Reference
Deep-Reinforcement-Learning-With-Python
Types
Supervised learning
In supervised learning, the machine learns from training data. The training data consists of a labeled pair of inputs and outputs. So, we train the model (agent) using the training data in such a way that the model can generalize its learning to new unseen data. It is called supervised learning because the training data acts as a supervisor, since it has a labeled pair of inputs and outputs, and it guides the model in learning the given task.
Regression
Quantitative response
predict a quantitative variable from a set of features
Classification
Categorical response
predict a categorical variable
Unsupervised learning
Similar to supervised learning, in unsupervised learning, we train the model (agent) based on the training data. But in the case of unsupervised learning, the training data does not contain any labels; that is, it consists of only inputs and not outputs. The goal of unsupervised learning is to determine hidden patterns in the input. There is a common misconception that RL is a kind of unsupervised learning, but it is not. In unsupervised learning, the model learns the hidden structure, whereas, in RL, the model learns by maximizing the reward.
Reinforcement learning
Action space
The set of all possible actions in the environment is called the action space. Thus, for this grid world environment, the action space will be [up, down, left, right]. We can categorize action spaces into two types:
- Discrete action space
When our action space consists of actions that are discrete, then it is called a discrete action space. For instance, in the grid world environment, our action space consists of four discrete actions, which are up, down, left, right, and so it is called a discrete action space.
- Continuous action space
When our action space consists of actions that are continuous, then it is called a continuous action space. For instance, let’s suppose we are training an agent to drive a car, then our action space will consist of several actions that have continuous values, such as the speed at which we need to drive the car, the number of degrees we need to rotate the wheel, and so on. In cases where our action space consists of actions that are continuous, it is called a continuous action space.
Policy
A policy defines the agent’s behavior in an environment. The policy tells the agent what action to perform in each state.

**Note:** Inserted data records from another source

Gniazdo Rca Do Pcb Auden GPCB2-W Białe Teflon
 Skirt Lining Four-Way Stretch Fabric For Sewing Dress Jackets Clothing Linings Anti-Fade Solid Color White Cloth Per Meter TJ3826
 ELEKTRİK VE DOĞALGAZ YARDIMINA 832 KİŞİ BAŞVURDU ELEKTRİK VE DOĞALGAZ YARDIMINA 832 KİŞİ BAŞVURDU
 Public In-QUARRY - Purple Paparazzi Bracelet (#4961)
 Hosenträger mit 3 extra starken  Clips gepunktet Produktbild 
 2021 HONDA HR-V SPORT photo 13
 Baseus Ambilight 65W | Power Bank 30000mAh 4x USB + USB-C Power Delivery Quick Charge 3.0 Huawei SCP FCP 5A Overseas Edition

Over a series of iterations, the agent will learn a good policy that gives a positive reward.
The optimal policy tells the agent to perform the correct action in each state so that the agent can receive a good reward.
Deterministic Policy
deterministic policy tells the agent to perform a one particular action in a state. Thus, the deterministic policy maps the state to one particular action
Stochastic Policy
maps the state to a probability distribution over an action space.
- Categorical policy
when the action space is discrete
uses categorical probability distribution over action space to select actions
- Gaussian policy
when our action space is continuous
the stochastic policy uses Gaussian probability distribution over action space to select actions when the action space is continuous
Episode
The agent interacts with the environment by performing some action starting from the initial state and reach the final state. This agent-environment interaction starting from the initial state until the final state is called an episode. For instance, in the car racing video game, the agent plays the game by starting from the initial state (starting point of the race) and reach the final state (endpoint of the race). This is considered an episode. An episode is also often called trajectory (path taken by the agent)
- Episodic task
As the name suggests episodic task is the one that has the terminal state. That is, episodic tasks are basically tasks made up of episodes and thus they have a terminal state. Example: Car racing game.
- Continuous task
Unlike episodic tasks, continuous tasks do not contain any episodes and so they don’t have any terminal state. For example, a personal assistance robot does not have a terminal state.
Horizon
Horizon is the time step until which the agent interacts with the environment. We can classify the horizon into two:
- Finite horizon
If the agent environment interaction stops at a particular time step then it is called finite Horizon. For instance, in the episodic tasks agent interacts with the environment starting from the initial state at time step t =0 and reach the final state at a time step T. Since the agent environment interaction stops at the time step T, it is considered a finite horizon.
- Infinite horizon
If the agent environment interaction never stops then it is called an infinite horizon. For instance, we learned that the continuous task does not have any terminal states, so the agent environment interaction will never stop in the continuous task and so it is considered an infinite horizon.
Return
Return is the sum of rewards received by the agent in an episode.
Value function
Value function or the value of the state is the expected return that the agent would get starting from the state $s$ following the policy $\pi$
Q function
implies the expected return agent would obtain starting from the state $s$ and an action $a$ following the policy $\pi$.